Por mais de 10 anos, as famílias de Pyelito Kue foram forçadas a viver em uma área apertada de apenas 97 hectares, com pouco espaço para cultivar roças. No início de novembro, com a fome se tornando uma realidade, os indígenas retomaram outra parte de seu território na Terra Indígena Iguatemipeguá I. Este pedaço de terra, onde Vicente foi morto, é ocupado pela Fazenda Cachoeira, uma enorme fazenda de gado arrendada pela Agropecuária Santa Cruz e pela Agropecuária Guaxuma — empresas exportadoras de carne.
A FUNAI delimitou a área em 2013, um dos primeiros passos para a demarcação. No entanto, o processo está parado desde então – em clara violação às leis brasileiras e internacional, o que intensifica a violência contra os Guarani Kaiowá pelas mãos dos fazendeiros e da polícia militar, apoiados por políticos locais e pela impunidade. Um acordo oficial firmado entre o Ministério Público, a FUNAI e os Guarani Kaiowá em 2007, e as recentes promessas de demarcação de terras feitas pelo presidente Lula, não foram cumpridos.
De acordo com testemunhas, a polícia militar e membros do Departamento de Operações de Fronteira (DOF) estiveram envolvidos neste último ataque.
“A Constituição Federal garante nossos direitos, e o Estado brasileiro tem o dever de proteger nossos povos.” afirma a nota da Aty Guasu.
“Pedimos o apoio da sociedade civil, organizações de direitos humanos, MPF, Funai e Defensoria Pública da União para acompanhar o caso e garantir a segurança das famílias Guarani e Kaiowá diante do clima de ódio e ameaças que se intensificam em Caarapó (MS).”
Caroline Pearce, diretora da Survival International, disse: “Há uma semana, em Belém, o presidente Lula reconheceu que as terras indígenas são fundamentais para combater as mudanças climáticas. Ele disse que “talvez” nem todas as terras indígenas tenham sido devidamente reconhecidas. A morte de Vicente é a dura realidade dessa falta de reconhecimento: os indígenas sendo expulsos, desapossados, privados de suas terras, de seus direitos, de seus meios de subsistência – de suas próprias vidas.
É obsceno que os Guarani Kaiowá — de Pyelito Kue e de outras comunidades — sejam baleados e mortos simplesmente por viverem em suas próprias casas, em suas terras ancestrais.

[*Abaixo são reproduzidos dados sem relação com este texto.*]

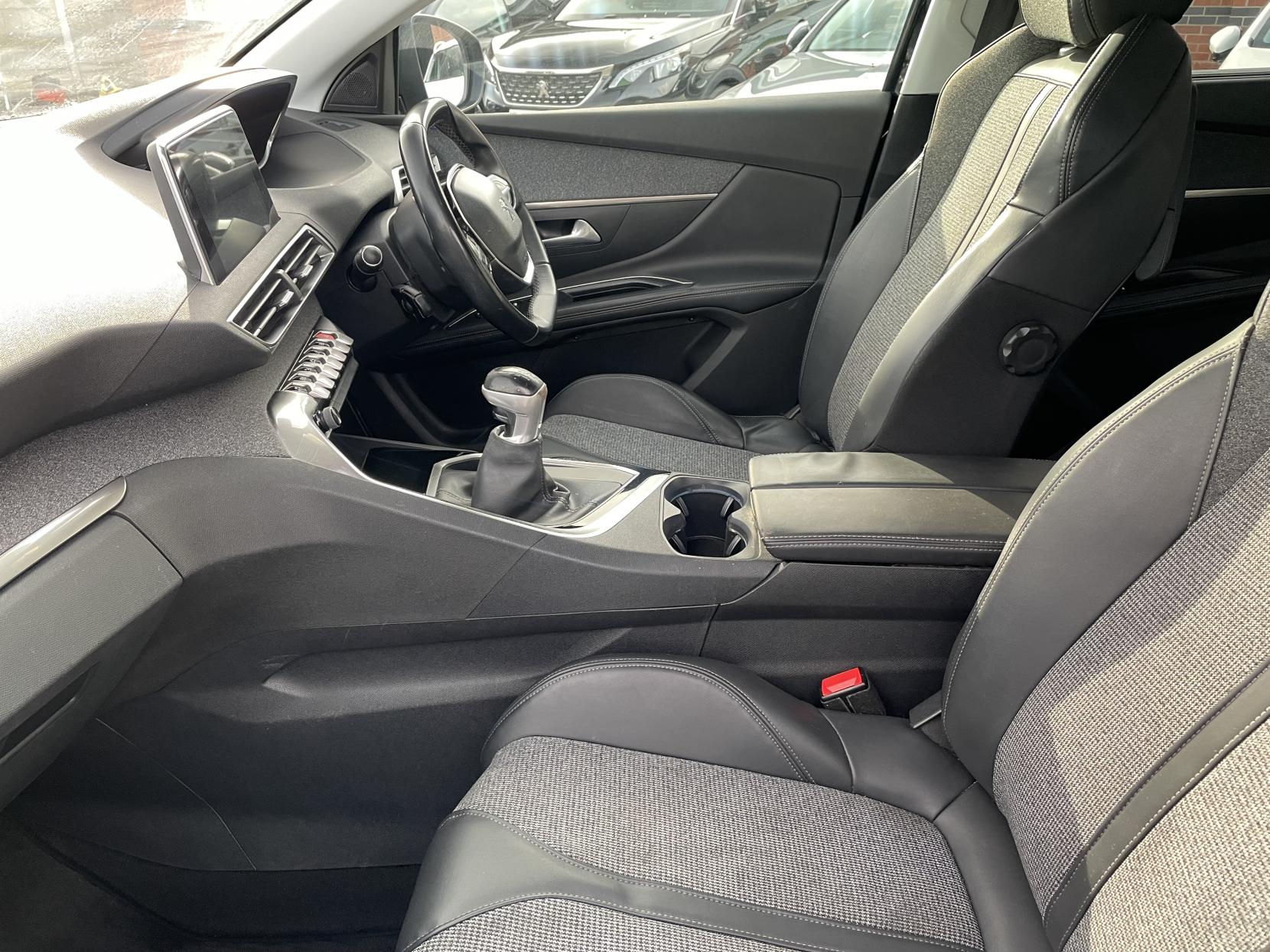 Peugeot 5008 1.5 BlueHDi Allure SUV 5dr Diesel Manual Euro 6 (s/s) (130 ps)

O governo do Brasil deve concluir a demarcação das terras indígenas, proteger esses territórios e processar aqueles que os expulsaram e que continuam a aterrorizá-los.”
Notas aos editores:
- A Fazenda Cachoeira é apenas uma das 44 fazendas que se sobrepõe à Terra Indígena Iguatemipeguá I. O território de 41.714 hectares abrange muitas tekoha (terras ancestrais Guarani), incluindo a comunidade de Pyelito Kue.
- Em resposta aos ataques anteriores à comunidade de Pyelito Kue, em 2011 e 2016, a Comissão Interamericana de Direitos Humanos solicitou medidas cautelares.
- Essa violência é a mais recente de uma série de ataques brutais contra comunidades Guarani Kaiowá. A comunidade de Guyra Roka — lar do falecido Ambrosio Vilhalva, estrela do filme “Terra Vermelha” — também já foi alvo de ataques, com pistoleiros contratados por fazendeiros e pela polícia militar ferindo várias indígenas com balas de borracha e gás lacrimogêneo, e destruindo suas casas.